Most economists expect a modest rise in interest rates by the middle of this year, according to the latest American Banker Yield & Rate Survey. More than half the economists queried said they expect the Federal Reserve to lift a key short-term rate, the federal funds rate, by a quarter point, to 5.5%, from 5.25% currently. "I'm anticipating a slight mid-course correction, probably at the Fed's May meeting," said Wayne M. Ayers, chief economist at First National Bank of Boston, the flagship unit of Bank of Boston Corp. While the move itself would not be dramatic, the effect on the financial markets could be vivid, he noted. Currently, investors seem to be anticipating no near-term action by the Fed. Mr. Ayers said he sensed that Fed Chairman Alan Greenspan and other governors of the central bank had begun sending subtle signals of a rate move. "The rhetoric from the Fed has been very interesting, and not much different in some ways from late 1993," he said. In early 1994, the Fed began raising rates, as it explained then, to hold off incipient inflation.

Mr. Ayers said he expects nothing close to the doubling of the federal funds rate that occurred in 1994-95. "I expect 50 basis points or so in two moves," he said.
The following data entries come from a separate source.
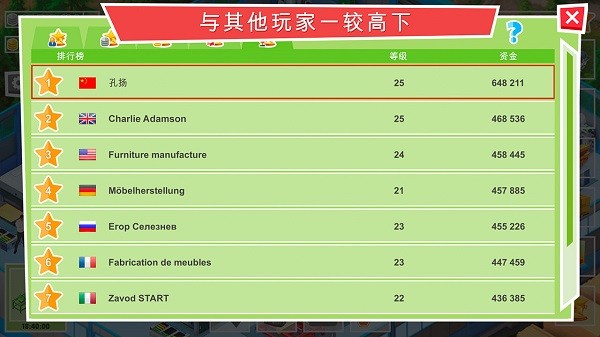 ​����ͷģ��������v1.1.0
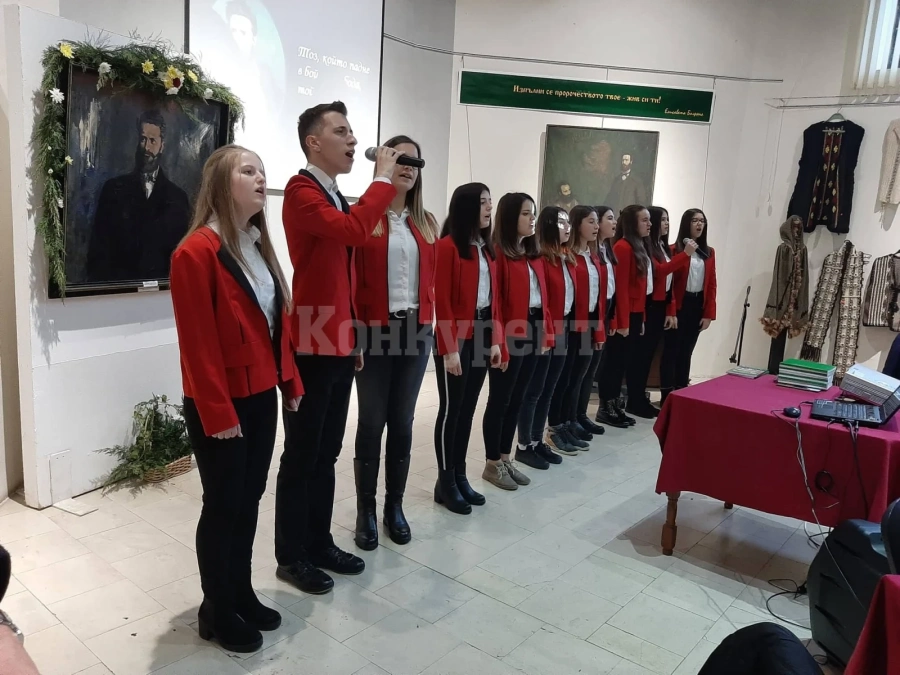 Учениците от СУ „Христо Ботев“-Враца са с най - високи резултати на областното състезание „Ключът на музиката“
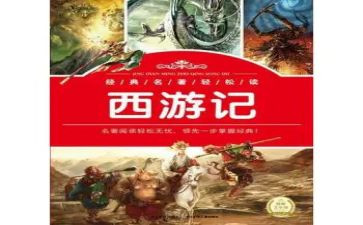 名著的人物作文8篇
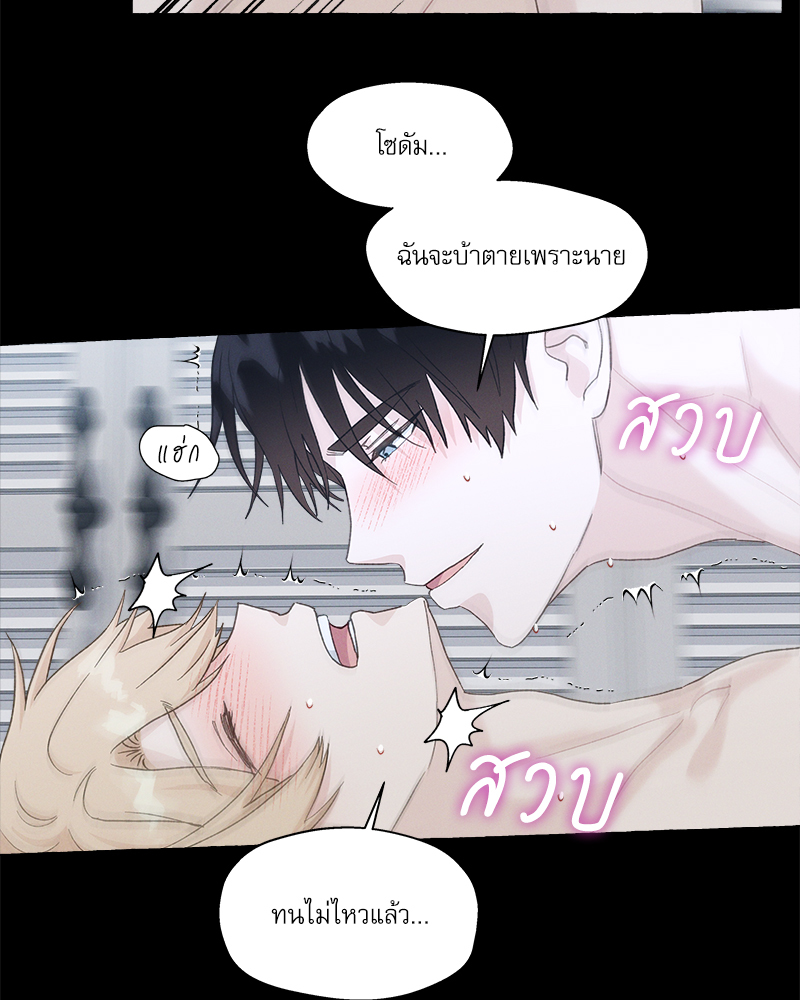 หน้า 77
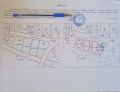 Продава ПАРЦЕЛ, с. Скутаре, област Пловдив, снимка 2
Also watching the Fed's words closely is Kenneth Mayland, chief economist at KeyCorp, Cleveland. "In the latest minutes of their (monetary policy) meetings, they speak of not needing to make an anticipatory move yet," he said. "The key words for me are 'anticipatory' and 'yet.' " Mr. Mayland, too, said he now expects a rate move at the May 20 meeting of the Federal Open Market Committee.

The panel next meets in March but probably will continue to wait for more data from the first quarter, he said. Some economists think the Fed will be much further along by midyear. William Dudley of Goldman, Sachs & Co. sees a 6% fed funds rate; Dana Johnson of First Chicago NBD Corp. expects 5.75%. A few others think the Fed will continue in a holding pattern unless serious new developments warrant action. "The Fed hasn't changed rates in a year, even though the economy has accelerated, slowed, accelerated again, and now appears poised for another slowdown," said Nicholas S. Perna, chief economist at Fleet Financial Group Inc., Boston. Meanwhile, "inflation has been remarkably steady," he noted, and recent votes among Fed policymakers to leave rates untouched have been unanimous.